We see this all of the time. Almost every database system could benefit from a little more memory. The more modern systems which use a data flow paradigm, Greenplum for example, try to minimize I/O by using memory effectively. But the incentive is to keep the memory configured low to keep their price/TB down. Others, like Teradata, use memory carefully (see here) and write intermediate results to disk or SSD to keep their price/TB down… but they violate the Five Minute Rule with each spool I/O. Note that this is not a criticism of Teradata… they could use more memory to good effect… but the use of price/TB as the guiding principle dissuades them.

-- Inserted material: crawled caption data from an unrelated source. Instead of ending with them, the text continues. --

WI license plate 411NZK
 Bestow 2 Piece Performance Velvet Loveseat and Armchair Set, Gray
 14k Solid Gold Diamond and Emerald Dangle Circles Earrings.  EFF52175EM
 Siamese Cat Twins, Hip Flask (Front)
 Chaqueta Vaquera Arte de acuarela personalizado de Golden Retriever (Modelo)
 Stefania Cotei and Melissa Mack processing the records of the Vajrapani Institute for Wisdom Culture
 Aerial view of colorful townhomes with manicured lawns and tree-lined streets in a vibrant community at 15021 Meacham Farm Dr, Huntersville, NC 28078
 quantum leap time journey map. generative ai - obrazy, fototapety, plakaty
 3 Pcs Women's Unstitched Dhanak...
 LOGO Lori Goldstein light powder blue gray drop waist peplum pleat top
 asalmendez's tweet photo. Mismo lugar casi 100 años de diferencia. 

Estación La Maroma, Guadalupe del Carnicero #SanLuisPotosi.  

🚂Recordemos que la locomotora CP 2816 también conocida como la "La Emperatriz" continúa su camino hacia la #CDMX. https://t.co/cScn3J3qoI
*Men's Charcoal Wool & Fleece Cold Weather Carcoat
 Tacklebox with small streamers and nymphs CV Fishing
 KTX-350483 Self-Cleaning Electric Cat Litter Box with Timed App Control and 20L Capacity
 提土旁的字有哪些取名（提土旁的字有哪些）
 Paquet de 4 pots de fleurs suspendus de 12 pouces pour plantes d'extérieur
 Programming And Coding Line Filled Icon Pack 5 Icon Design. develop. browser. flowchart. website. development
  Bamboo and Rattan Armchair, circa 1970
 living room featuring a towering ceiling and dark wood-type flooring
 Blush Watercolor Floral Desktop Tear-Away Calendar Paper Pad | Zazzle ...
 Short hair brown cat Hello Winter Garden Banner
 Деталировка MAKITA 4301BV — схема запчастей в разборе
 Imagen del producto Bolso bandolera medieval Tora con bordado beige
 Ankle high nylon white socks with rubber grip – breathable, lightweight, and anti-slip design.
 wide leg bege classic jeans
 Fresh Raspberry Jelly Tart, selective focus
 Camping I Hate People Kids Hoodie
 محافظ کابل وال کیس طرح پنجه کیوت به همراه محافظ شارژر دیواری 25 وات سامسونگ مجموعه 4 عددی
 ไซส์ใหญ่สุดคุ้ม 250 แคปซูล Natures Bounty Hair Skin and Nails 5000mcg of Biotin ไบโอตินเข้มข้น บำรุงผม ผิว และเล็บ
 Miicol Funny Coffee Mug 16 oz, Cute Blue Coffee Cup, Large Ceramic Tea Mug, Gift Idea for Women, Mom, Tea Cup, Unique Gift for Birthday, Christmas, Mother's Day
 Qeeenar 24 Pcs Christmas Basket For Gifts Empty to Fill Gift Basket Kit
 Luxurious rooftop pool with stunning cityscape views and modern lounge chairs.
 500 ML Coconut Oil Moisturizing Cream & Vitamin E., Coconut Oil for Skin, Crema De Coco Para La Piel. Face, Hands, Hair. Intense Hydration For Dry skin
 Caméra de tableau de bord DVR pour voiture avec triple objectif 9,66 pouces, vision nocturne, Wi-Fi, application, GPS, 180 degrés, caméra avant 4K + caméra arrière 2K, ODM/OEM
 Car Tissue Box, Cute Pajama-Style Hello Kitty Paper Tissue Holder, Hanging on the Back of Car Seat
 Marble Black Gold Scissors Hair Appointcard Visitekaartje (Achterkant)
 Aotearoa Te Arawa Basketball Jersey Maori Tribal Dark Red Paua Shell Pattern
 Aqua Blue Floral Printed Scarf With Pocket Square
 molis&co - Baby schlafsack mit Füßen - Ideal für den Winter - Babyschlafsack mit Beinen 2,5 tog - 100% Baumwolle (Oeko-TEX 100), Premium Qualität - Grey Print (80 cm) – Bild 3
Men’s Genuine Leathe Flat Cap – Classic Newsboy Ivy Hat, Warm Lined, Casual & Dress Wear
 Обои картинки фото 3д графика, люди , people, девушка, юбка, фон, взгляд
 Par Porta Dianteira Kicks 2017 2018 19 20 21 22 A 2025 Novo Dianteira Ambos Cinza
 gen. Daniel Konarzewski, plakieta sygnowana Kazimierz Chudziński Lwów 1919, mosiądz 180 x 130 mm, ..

Now comes Amazon Redshift… with the lowest imaginable price/TB… and little mention of price/performance at all. Again, do not misunderstand… I think that Redshift is a good thing. Customers should have options that trade-off performance for price… and there are other things I like about Redshift that I’ll save for another post. But if price/TB is the only measure then performance becomes far too unimportant. When price/TB is the driver performance becomes just a requirement to be met. The result is that today adequate performance is OK if the price/TB is low. Today IT departments are judged harshly for spending too much per terabyte… and judged less harshly or excused if performance becomes barely adequate or worse.
I believe that in the next year or two that every BI/DW eco-system will be confronted with the reality of providing sub-three second response to every query as users move to mobile devices: phones, tablets, watches, etc. IT departments will be faced with two options:
- They can procure more expensive systems with a high price/TB ratio… but with an effective price/performance ratio and change the driving metric… or
- They can continue to buy inexpensive systems based on a low price/TB and then spend staff dollars to build query-specific data structures (aggregates, materialized views, data marts, etc.) to achieve the required performance.
It is time for price/performance to become the driver and support for some number of TBs to be a requirement. This will delight users who will appreciate better, not adequate, performance. It will lower the TCO by reducing the cost of developing and operating query-specific systems and structures. It will provide the agility so missed in the DW space by letting companies use hardware performance to solve problems instead of people. It is time.